→ **EXERCISE OBJECTIVE**: Give back the full set of entries exactly, keeping each line intact.

SOURCE DATA Start Marker

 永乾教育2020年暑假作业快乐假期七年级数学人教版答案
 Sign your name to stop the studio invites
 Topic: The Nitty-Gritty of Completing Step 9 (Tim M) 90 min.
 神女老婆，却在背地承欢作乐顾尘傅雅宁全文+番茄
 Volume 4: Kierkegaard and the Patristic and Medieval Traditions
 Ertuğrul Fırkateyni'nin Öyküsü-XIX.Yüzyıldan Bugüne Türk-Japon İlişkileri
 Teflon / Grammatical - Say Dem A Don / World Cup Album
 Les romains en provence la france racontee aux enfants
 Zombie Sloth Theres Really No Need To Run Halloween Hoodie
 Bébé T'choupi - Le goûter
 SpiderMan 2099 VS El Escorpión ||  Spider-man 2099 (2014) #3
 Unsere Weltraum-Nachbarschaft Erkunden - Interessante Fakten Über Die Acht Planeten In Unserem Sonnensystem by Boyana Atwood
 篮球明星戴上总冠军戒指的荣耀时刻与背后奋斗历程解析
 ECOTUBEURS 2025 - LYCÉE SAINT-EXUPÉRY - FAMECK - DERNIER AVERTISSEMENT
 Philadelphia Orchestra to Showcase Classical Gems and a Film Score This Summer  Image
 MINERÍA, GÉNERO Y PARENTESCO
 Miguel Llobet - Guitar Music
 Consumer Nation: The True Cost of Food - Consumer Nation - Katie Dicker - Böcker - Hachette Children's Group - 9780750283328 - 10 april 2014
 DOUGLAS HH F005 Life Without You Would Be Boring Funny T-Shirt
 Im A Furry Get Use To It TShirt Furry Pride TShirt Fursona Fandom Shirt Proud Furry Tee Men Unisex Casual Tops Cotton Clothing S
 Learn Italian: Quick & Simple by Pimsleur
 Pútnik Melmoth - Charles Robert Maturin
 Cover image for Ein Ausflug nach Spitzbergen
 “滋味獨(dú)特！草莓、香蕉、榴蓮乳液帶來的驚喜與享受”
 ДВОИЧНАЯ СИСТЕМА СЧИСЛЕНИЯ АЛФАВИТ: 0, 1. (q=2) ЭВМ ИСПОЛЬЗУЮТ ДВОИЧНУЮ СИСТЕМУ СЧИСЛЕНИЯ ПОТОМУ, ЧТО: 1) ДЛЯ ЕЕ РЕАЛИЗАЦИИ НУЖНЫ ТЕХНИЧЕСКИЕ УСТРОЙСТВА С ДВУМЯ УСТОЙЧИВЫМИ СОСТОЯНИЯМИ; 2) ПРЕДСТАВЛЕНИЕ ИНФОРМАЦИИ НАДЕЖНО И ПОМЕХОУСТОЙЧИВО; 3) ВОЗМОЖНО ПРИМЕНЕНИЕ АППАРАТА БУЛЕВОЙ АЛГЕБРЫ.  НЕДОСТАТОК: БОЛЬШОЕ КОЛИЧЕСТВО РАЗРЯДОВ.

SOURCE DATA End Marker

→ **TASK RESULT**:
 永乾教育2020年暑假作业快乐假期七年级数学人教版答案
 Sign your name to stop the studio invites
 Topic: The Nitty-Gritty of Completing Step 9 (Tim M) 90 min.
 神女老婆，却在背地承欢作乐顾尘傅雅宁全文+番茄
 Volume 4: Kierkegaard and the Patristic and Medieval Traditions
 Ertuğrul Fırkateyni'nin Öyküsü-XIX.Yüzyıldan Bugüne Türk-Japon İlişkileri
 Teflon / Grammatical - Say Dem A Don / World Cup Album
 Les romains en provence la france racontee aux enfants
 Zombie Sloth Theres Really No Need To Run Halloween Hoodie
 Bébé T'choupi - Le goûter
 SpiderMan 2099 VS El Escorpión ||  Spider-man 2099 (2014) #3
 Unsere Weltraum-Nachbarschaft Erkunden - Interessante Fakten Über Die Acht Planeten In Unserem Sonnensystem by Boyana Atwood
 篮球明星戴上总冠军戒指的荣耀时刻与背后奋斗历程解析
 ECOTUBEURS 2025 - LYCÉE SAINT-EXUPÉRY - FAMECK - DERNIER AVERTISSEMENT
 Philadelphia Orchestra to Showcase Classical Gems and a Film Score This Summer  Image
 MINERÍA, GÉNERO Y PARENTESCO
 Miguel Llobet - Guitar Music
 Consumer Nation: The True Cost of Food - Consumer Nation - Katie Dicker - Böcker - Hachette Children's Group - 9780750283328 - 10 april 2014
 DOUGLAS HH F005 Life Without You Would Be Boring Funny T-Shirt
 Im A Furry Get Use To It TShirt Furry Pride TShirt Fursona Fandom Shirt Proud Furry Tee Men Unisex Casual Tops Cotton Clothing S
 Learn Italian: Quick & Simple by Pimsleur
 Pútnik Melmoth - Charles Robert Maturin
 Cover image for Ein Ausflug nach Spitzbergen
 “滋味獨(dú)特！草莓、香蕉、榴蓮乳液帶來的驚喜與享受”
 ДВОИЧНАЯ СИСТЕМА СЧИСЛЕНИЯ АЛФАВИТ: 0, 1. (q=2) ЭВМ ИСПОЛЬЗУЮТ ДВОИЧНУЮ СИСТЕМУ СЧИСЛЕНИЯ ПОТОМУ, ЧТО: 1) ДЛЯ ЕЕ РЕАЛИЗАЦИИ НУЖНЫ ТЕХНИЧЕСКИЕ УСТРОЙСТВА С ДВУМЯ УСТОЙЧИВЫМИ СОСТОЯНИЯМИ; 2) ПРЕДСТАВЛЕНИЕ ИНФОРМАЦИИ НАДЕЖНО И ПОМЕХОУСТОЙЧИВО; 3) ВОЗМОЖНО ПРИМЕНЕНИЕ АППАРАТА БУЛЕВОЙ АЛГЕБРЫ.  НЕДОСТАТОК: БОЛЬШОЕ КОЛИЧЕСТВО РАЗРЯДОВ.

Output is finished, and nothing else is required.